Susan Pedersen
Quick Facts
Biography
Susan Pedersen is a Canadian historian, and James P. Shenton Professor of the Core Curriculum at Columbia University. Pedersen focuses on 19th and 20th century British history, women's history, settler colonialism, and the history of international institutions.
Life
Born a Canadian citizen and raised in Japan, she received her B.A. (1982) from Radcliffe College and both her M.A. (1983) and Ph.D (1989) from Harvard University, where she was also a professor and served as the university's Dean of Undergraduate Education. In the latter position, she defended the university against charges of excessive grade inflation.
Pedersen joined the Columbia faculty in 2003. Among her works is a biography of Eleanor Rathbone. She also recently completed a book on the mandate system of the League of Nations; in 2005 she was awarded a Guggenheim Fellowship to assist with research on this project.
Susan Pedersen was Bosch Fellow in Public Policy at the American Academy in Berlin, for Spring 2009.
Works
- The Guardians: The League of Nations and the Crisis of Empire (Oxford University Press, 2015), winner of the 2015 Cundill Prize in Historical Literature.
- Caroline Elkins, Susan Pedersen (eds) Settler Colonialism in the Twentieth Century, Routledge, 2005, ISBN 0-415-94924-6, ISBN 978-0-415-94924-8
- Eleanor Rathbone and the Politics of Conscience. Yale UP. 2004. ISBN 978-0-300-10245-1.
- John Leonard Clive; Susan Pedersen; Peter Mandler, eds. (1994).

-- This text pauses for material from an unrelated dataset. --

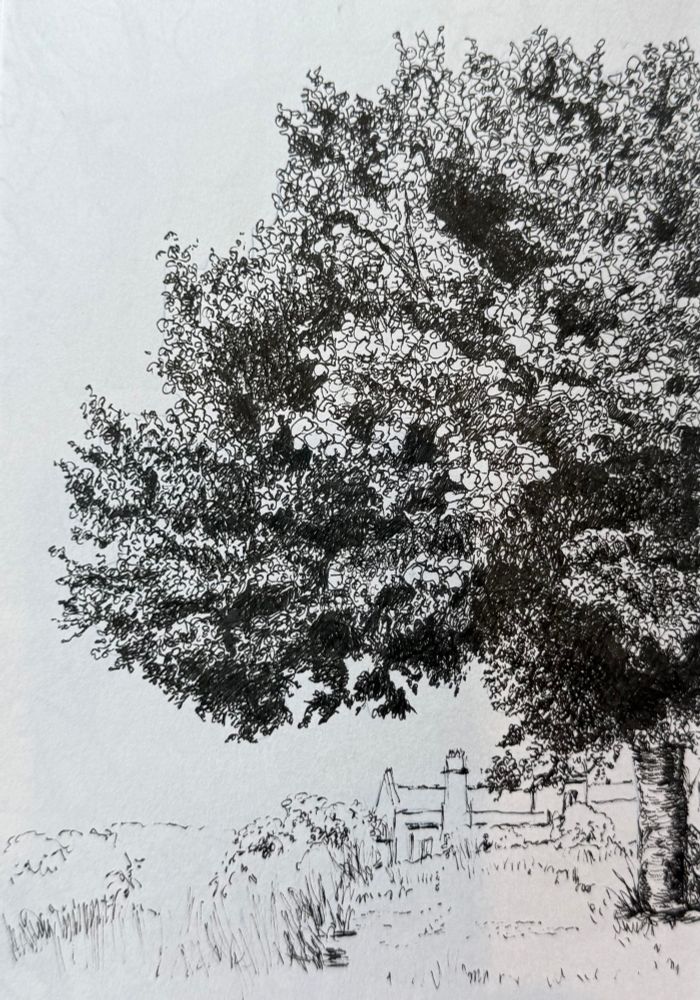 A detailed ink pen drawing of the left half of a large tree, possibly a Lime.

After the Victorians: Private Conscience and Public Duty in Modern Britain. Routledge. ISBN 978-0-415-07056-0.
- Family, Dependence, and the Origins of the Welfare State: Britain and France, 1914-1945. Cambridge UP. 1993. ISBN 978-0-521-55834-1.
- "National Bodies, Unspeakable Acts: The Sexual Politics of Colonial Policy-making," The Journal of Modern History Vol. 63, No. 4, December 1991
- "Gender, Welfare, and Citizenship in Britain during the Great War," The American Historical Review Vol. 95, No. 4, October 1990
- "Hannah More Meets Simple Simon: Tracts, Chapbooks, and Popular Culture in Late Eighteenth-Century England," Journal of British Studies 25 (January 1986): 84-113.